Très joli article de Patrick Viveret sur le temps [1]. Où il propose notamment de remplacer le mot « temps » par le mot « vie » dans des expressions qui nous sont familières : tuer le temps ; perdre son temps ; ne pas avoir le temps. Effet garanti. Puisqu’en effet, ce n’est pas une vie de ne jamais avoir le temps.

Or voilà que j’ai l’idée d’écrire un article sur le sujet. J’ai le temps, aujourd’hui, c’est fête nationale et je suis seul à la maison. Mais rien ne vient. Le temps passe et je tourne en rond, comme une trotteuse. Bref, je perds mon temps ; ce qui ne va jamais chez moi sans une irrépressible angoisse. L’angoisse de perdre sa vie, sans doute, et d’arriver au bout du temps imparti, sans avoir fait mes devoirs. Devoirs imposés à moi-même par moi-même, rien au fond ne m’y oblige sauf les promesses que j’ai pu faire et qui n’engagent que moi. La journée s’est ainsi déroulée sans que j’écrive une ligne, bien que je me sois couché fort tard. Pour un peu, je ne prenais même pas le temps de dormir. Et encore, l’exercice n’est guère contraint : pareille situation est encore plus inconfortable quand il s’agit d’accomplir une tâche professionnelle ou ménagère, comme s’occuper des enfants. Mais ici, justement, je n’ai pas de raisons extérieures de me faire du mauvais sang : l’angoisse est à nu.

« Il faut accepter de ne pas tout vivre », dit Patrick Viveret, signifiant qu’il faut faire des choix. Mais il faut aussi accepter de ne pas vivre ce qu’on voudrait vivre, accepter de vivre le vide ; accepter de ne pas remplir le temps. Ce qui vient questionner l’utilité de toutes ces tâches absolument nécessaires que nous nous assignons. Quelle est la part, dans cette utilité, de recouvrir et calmer nos angoisses existentielles ? Puisqu’en effet le temps, qui est à la fois l’espace dans lequel nous pouvons déployer notre existence, est aussi pour nous une ressource limitée et comptée. Et nous pourrions tenter l’exercice de remplacer « temps » par « angoisse » : tuer l’angoisse ; perdre son angoisse ; ne pas avoir d’angoisse.

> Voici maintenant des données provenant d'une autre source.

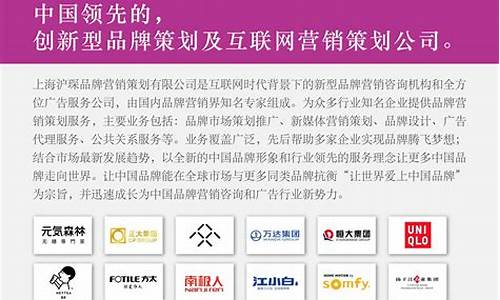 上海十大公关公司排名_上海十大公关公司排名榜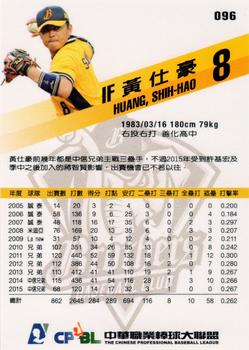 2015 CPBL #096 Shih-Hao Huang Back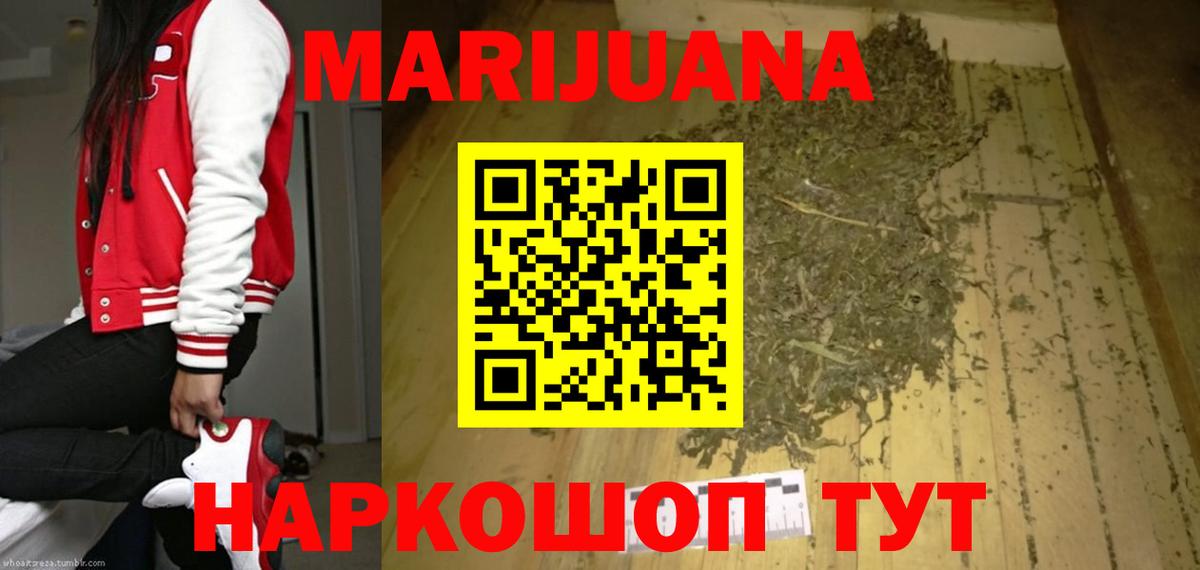 МАРИХУАНА MAZAR  Шишки марихуана OG Kush  Лангепас  Конопля THC 21%  Бошки марихуана гибрид  Вход с VPN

N’imagine pas, lecteur, que je donne ici une quelconque leçon : c’est grande sagesse que de vivre pleinement le temps présent – dans les deux sens de maintenant et de cadeau – et chacun ici fait de son mieux avec sa nature et avec ses obligations ; car il faut bien, en effet, s’occuper des enfants et faire le travail. Mais c’est en cela, précisément, que je trouve du réconfort dans les moments difficiles : même quand je perds mon temps et je pourrais m’en garder rancune, je me rappelle que je fais de mon mieux, avec le visible et l’invisible, le rationnel et l’irrationnel.

Accepter de perdre son temps, accepter de ne pas avoir le temps ; c’est peut-être commencer à prendre le temps de vivre.

Avec la confiance que le vide accouche du plein : ce matin, l’article est sorti d’un trait.